Rarely will anyone deny that Hitchcock remains one of the most creative, inventive and prolific directors of all time, because he is arguably all of these things. It takes true genius to scare generations of film goers out of taking showers and wearing neck ties. Saboteur, however, is not creative or prolific at all. Rather, Hitchcock set out with the soul intention of creating a film to muster "American Pride," a certain call-to-arms, support-our-troops title which was a popular theme of the time. With that in mind, Hitchcock severely underplayed other important aspects of the film, including but not limited to a logical plot, characterization, believable dialog, and a fluent, running storyline.

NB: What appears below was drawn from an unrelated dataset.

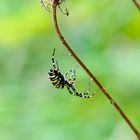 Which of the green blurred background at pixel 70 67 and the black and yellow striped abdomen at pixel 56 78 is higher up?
the green blurred background at pixel 70 67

Typically Hitchcock does great with espionage films, only a few years earlier achieving cinematic greatness with The Foreign Corespondant and The 39 Steps, but seemingly lost his stride in creating Saboteur and merely recycled the same once-thrilling story lines both his previous excursions readily provided. Without going into any great depth here is a list of a few of this films major problems:
1. Despite having his face plastered on every newspaper across America, the only person who recognizes Kane is blind.
2. At the dinner party, Kane and Patricia don't want to run for the door because the bad guys might grab them and tell the party they were "gate crashers." Logically, what prevents the spies from grabbing them and saying this at any point during the evening? Besides, does anyone need to be reminded Kane is a wanted terrorist?
3. Since when can a fan belt cut through handcuffs?
4. Nobody recognizes him...his face is on EVERY NEWSPAPER!!!
5. The spies catch up with Kane in the ghost town and assume he's the man Freeman sent to work with them...shouldn't't he have some sort of credentials? I know spies don't run around with name tags and photo IDs but a secret handshake maybe?
6. Cop picks up Kane escaping from Freeman's house, still seems no one recognizes this guy.
7. How exactly does the FBI come to believe Kane with no evidence? They don't even show Kane talking to the FBI, the scene simply fades in and we are forced to assume everything is now kosher.
8. When the cops search the Carnival Caravan how do they know Kane is now with a woman? The blind man believed Kane's story thus logically would not have reported his daughter missing, kidnapped, or even more importantly running with Kane. Why does this movie not employ logic?
This is a running list. The movie is not exciting, the plot makes no sense, and the world is full of people who willingly take wanted terrorists into their homes and cars everyday because its no big thing. Hitchcock fails miserably on this one.